On Sun, Nov 11, 2007 at 11:47:02PM +0200, Rumen Bogdanovski wrote:
> Hi,
> I have been thinking about the best way to handle the
> synchronization created connections and I decided (since
> there was no comment on that) that the best way to do so
> is as they are locally created. The only difference is that
> synced connections will have IP_VS_CONN_F_SYNC set. The
> reasons are:
>
> 1. If the sync connections are treated as inactive, on
> fail-over the task schedulers will use them with lower
> weight making the scheduling not quite adequate.
>
> 2. Introducing new counter for synced connection means
> that schedulers should be altered to take these connections
> in to account. And the existing tools should be changed too
> in order to show the real connection status.
>
> 3. No backward compatibility issues, no new data to be sent
> to the user space. All active connections will be listed as
> active and all inactive will be listed as inactive regardless
> of the connection origin.
>
> 4. The previous patch I have sent several days ago makes it
> possible to distinguish the locally created from sync-created
> connections via /proc/net/ip_vs_conn_sync.
>
> 5. It is less intrusive and much easier to implement.
>
> 6. Active connections are active no matter where they were created.

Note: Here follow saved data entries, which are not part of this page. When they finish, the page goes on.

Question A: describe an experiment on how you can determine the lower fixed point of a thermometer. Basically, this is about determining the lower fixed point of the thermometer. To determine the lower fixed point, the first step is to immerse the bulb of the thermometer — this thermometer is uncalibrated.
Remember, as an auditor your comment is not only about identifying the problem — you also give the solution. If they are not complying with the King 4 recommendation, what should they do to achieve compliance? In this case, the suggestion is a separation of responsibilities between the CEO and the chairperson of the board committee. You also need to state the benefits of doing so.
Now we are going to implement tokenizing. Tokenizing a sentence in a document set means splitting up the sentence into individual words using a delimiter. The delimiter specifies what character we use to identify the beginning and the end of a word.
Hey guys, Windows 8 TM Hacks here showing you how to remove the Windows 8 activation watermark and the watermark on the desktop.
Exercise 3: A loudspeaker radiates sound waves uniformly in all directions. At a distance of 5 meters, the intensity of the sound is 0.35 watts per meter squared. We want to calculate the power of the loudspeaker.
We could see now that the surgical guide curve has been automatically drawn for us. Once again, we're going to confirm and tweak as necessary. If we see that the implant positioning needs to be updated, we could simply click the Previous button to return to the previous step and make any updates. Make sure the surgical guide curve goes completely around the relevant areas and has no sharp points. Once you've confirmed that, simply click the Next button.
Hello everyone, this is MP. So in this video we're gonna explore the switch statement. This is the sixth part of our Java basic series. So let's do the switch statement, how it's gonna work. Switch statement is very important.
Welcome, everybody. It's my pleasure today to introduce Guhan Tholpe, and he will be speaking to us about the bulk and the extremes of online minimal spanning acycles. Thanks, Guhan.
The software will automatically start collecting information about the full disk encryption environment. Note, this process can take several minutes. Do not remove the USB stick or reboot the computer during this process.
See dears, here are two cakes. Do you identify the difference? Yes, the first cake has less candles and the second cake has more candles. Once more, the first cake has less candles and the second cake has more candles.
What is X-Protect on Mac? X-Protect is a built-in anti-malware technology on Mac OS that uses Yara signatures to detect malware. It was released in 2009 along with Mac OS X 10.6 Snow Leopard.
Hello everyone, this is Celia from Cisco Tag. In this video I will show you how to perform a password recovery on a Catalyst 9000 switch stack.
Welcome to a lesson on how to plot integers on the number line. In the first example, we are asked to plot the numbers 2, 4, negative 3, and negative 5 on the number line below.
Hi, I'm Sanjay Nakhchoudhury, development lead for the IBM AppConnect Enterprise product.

> On fail-over they will load the new director the same way the local
> connections do. And their life cycle will be just the same as if they
> were locally created. So why should they be treated differently?
> Any reason for that? I could not think of any.
>
> So I am sending again the patch that
> implements /proc/net/ip_vs_conn_sync. And a new one that creates the
> synced connections according to their
> real state allowing the backup director, in case of fail-over, to handle
> them in more appropriate way, avoiding scheduling and compatibility
> issues. Well In case somebody wants to know which connections are
> created locally which are sync-created he is always welcome to look in
> /proc/net/ip_vs_conn_sync.
>
> Any comments please!
> Simon, if you are happy with this let me know and I will provide a brief
> description and sign-off.
Hi Rumen,
sorry to be slow.
I think that your approach is sound. The patches seem to work in
such a way that they won't break existing tools. But tools could
be enhanced to take advantage of these new features. Likewise
for the schedulers.
The patches look fine. Though I'd like to request two things.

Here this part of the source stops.